Mindfulness in Action

“Mindfulness is, for lack of a better term, fully baked into the business,” Brady says.

Brady explains the organization’s foundational belief in the concept of PathMaking, or that everyone is on their own individual life journey. If an employee is struggling in any area outside of work, such as with housing or childcare, the company is invested in trying to support them. Greyston works closely with social-service providers in the community, to make sure that employees get the help they need—something that hearkens back to Bernie Glassman’s original vision. 

Brady acknowledges that this level of involvement in an employee’s life might seem like more than what many companies are willing to do, but he’s pragmatic. “We need our business to be successful,” he says. “I want this team member to overcome this issue so they can be successful in life, but also so they can come to work. If someone is concerned about childcare, are they going to be mindful on the line? The answer is no.”

On the other side of this human-to-human support, Brady says, “What I get is a team member, for as long as they’re at Greyston, they’re committed. They’re working hard.” He notes that retention levels at the bakery are higher than the industry average.

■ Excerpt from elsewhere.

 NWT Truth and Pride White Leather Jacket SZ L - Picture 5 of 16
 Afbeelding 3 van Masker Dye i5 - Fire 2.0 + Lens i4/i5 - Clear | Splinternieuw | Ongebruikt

Not everyone who comes through the program ends up working for or staying at the bakery. “We take people in without judgment; we also let people go without judgment,” Brady says. The company will even connect employees to other types of job training if they’re ready to move on. “We often say the success isn’t when we give someone a job in Greyston. The success is when they leave Greyston for another job,” he adds.

Retaining or losing employees, especially ones that you’ve invested so much time in, is a concern Brady hears often from business leaders. “There’s a lot of discussion about ‘churn’ at organizations,” he says. “But, if you think that you’ve given someone job skills, what a great thing to celebrate.”